Another favorite recent read here is Priest on Horseback : Father Farmer 1720-1786 by Eva K. Betz. This little gem of a book is unfortunately out of print, but is certainly worth tracking down to borrow from the library or some fortunate acquaintance who owns a copy. This book tells the story of a circuit riding priest during Colonial times and the hardships and trials Catholics faced during pre-revolutionary times, something often glossed over in the history books as the pilgrims all came here supposedly for religious freedom. Under English law Mass and the Sacraments were forbidden in the colonies, and while the Quaker William Penn showed religious tolerance in his lands, priests in New York were subject to the death penalty. Though this is a children's book, Michael and I both enjoyed it as well as the older girls. It also sent us on a bit of a rabbit trail investigating local history, as Fr. Farmer was assigned for a time to a church in our (present day) diocese and there is a page about him in our book on the history of the diocese. He spent time at St. Joseph's in Philadelphia and helped to establish the parish of St. Peter's in Manhattan, where years later St. Elizabeth Ann Seton would become Catholic. You can even find his marriage register online. If you can't find it at all there seems to be recordings of it at librivox, but you know we like books. :-)

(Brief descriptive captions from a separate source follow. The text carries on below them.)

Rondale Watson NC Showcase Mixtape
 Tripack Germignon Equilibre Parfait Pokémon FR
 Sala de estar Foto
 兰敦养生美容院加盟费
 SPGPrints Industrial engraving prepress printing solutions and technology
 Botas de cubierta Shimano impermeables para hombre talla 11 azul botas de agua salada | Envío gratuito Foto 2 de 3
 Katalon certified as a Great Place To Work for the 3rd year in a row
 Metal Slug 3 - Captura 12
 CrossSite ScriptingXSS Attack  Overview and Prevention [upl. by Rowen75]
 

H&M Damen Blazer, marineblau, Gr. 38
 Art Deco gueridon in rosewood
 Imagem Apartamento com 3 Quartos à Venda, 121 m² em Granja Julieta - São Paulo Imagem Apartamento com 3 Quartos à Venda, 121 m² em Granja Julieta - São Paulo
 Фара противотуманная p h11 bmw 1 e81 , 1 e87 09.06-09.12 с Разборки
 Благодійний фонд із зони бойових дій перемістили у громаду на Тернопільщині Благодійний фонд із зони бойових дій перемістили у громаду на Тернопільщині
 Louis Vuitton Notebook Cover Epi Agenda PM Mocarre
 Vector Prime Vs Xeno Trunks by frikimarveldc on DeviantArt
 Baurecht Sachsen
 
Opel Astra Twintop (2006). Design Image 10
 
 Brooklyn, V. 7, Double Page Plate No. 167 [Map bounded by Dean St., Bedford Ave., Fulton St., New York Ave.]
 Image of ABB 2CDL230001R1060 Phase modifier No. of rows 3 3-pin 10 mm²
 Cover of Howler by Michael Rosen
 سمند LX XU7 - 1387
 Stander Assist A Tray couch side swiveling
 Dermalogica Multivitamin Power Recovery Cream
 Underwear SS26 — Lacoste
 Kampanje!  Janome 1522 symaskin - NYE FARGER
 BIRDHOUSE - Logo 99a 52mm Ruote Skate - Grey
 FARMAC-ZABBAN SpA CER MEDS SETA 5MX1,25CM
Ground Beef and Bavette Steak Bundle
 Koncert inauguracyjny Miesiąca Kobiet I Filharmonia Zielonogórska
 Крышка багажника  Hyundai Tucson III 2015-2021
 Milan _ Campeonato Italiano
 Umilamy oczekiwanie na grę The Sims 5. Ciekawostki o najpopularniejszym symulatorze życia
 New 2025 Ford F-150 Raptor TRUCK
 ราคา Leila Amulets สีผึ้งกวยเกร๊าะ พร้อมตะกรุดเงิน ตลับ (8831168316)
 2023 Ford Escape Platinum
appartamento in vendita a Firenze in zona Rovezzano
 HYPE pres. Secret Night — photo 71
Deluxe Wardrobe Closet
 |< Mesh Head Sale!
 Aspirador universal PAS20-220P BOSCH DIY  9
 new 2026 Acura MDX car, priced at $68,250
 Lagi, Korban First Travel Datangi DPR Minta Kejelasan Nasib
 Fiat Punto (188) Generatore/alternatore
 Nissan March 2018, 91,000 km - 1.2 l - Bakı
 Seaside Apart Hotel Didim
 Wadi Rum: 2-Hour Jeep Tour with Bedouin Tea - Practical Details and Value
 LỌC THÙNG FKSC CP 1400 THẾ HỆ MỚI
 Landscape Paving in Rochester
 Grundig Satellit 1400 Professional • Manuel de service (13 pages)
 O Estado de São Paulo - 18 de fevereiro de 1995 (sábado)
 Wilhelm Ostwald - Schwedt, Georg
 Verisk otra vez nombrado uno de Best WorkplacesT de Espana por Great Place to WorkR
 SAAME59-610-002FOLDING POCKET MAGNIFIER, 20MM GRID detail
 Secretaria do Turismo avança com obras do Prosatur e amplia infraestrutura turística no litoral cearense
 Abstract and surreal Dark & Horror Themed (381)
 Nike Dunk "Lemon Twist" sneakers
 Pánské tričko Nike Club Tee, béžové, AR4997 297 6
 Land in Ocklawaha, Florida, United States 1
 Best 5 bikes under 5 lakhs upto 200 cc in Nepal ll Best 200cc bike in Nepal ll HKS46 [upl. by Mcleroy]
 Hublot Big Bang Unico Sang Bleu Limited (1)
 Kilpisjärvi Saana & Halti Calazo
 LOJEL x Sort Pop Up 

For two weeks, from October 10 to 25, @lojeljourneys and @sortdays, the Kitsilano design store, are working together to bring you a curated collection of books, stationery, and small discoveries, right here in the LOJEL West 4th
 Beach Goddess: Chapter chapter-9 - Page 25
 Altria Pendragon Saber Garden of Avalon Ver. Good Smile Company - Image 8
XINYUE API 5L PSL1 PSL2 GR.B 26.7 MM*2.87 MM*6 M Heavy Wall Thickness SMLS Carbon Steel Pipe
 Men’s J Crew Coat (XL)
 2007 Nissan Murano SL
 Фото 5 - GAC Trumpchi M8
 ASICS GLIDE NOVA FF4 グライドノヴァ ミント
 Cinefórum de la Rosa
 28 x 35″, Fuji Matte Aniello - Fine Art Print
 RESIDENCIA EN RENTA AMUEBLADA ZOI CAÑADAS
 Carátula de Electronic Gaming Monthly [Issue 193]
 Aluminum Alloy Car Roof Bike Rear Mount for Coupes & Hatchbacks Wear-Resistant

I have also been reading aloud to the family some favorites of the older kids. Rasmus and the Vagabond by Astrid Lindgren is a splendid story about an orphan boy and his adventures with a big-hearted but mischievous, singing, wandering vagabond who calls himself 'God's best friend.' It has old fashioned charm and hair raising adventure, good guys and bad guys, all the stuff that makes for a good story and an utterly satisfying ending to boot.
Rasmus was sitting in his regular notch in the linden tree, thinking about things that shouldn't be allowed to exist. Potatoes were at the top of the list. Cooked, with gravy on them for Sunday dinner they were all right, but when they kept on sprouting in the field and had to be dug up - then they shouldn't be tolerated. He could also easily do without Miss Hawk, for it was she who was always saying, "Tomorrow we're going to spend the day digging up potatoes." "We" she said, but of course that didn't include her...
But it also has love and longing and friendship and family and what it means to belong to someone else. And butterscotch.
That Oscar happened to be such a moderate butterscotch eater made him still more perfect in Rasmus' eyes..."Let's save the others," suggested Oscar. If we ever get into a tight spot it might be nice to have a little butterscotch in reserve."
With Rasmus and Oscar as the protagonists this one has special appeal for boys, though it is of course enjoyed by all as all good stories are. I don't know why the silly Pippi Longstocking remains a perennial favorite while this rich, rewarding work of Lindgren's is out of print. I suppose that's how you know it's extra good?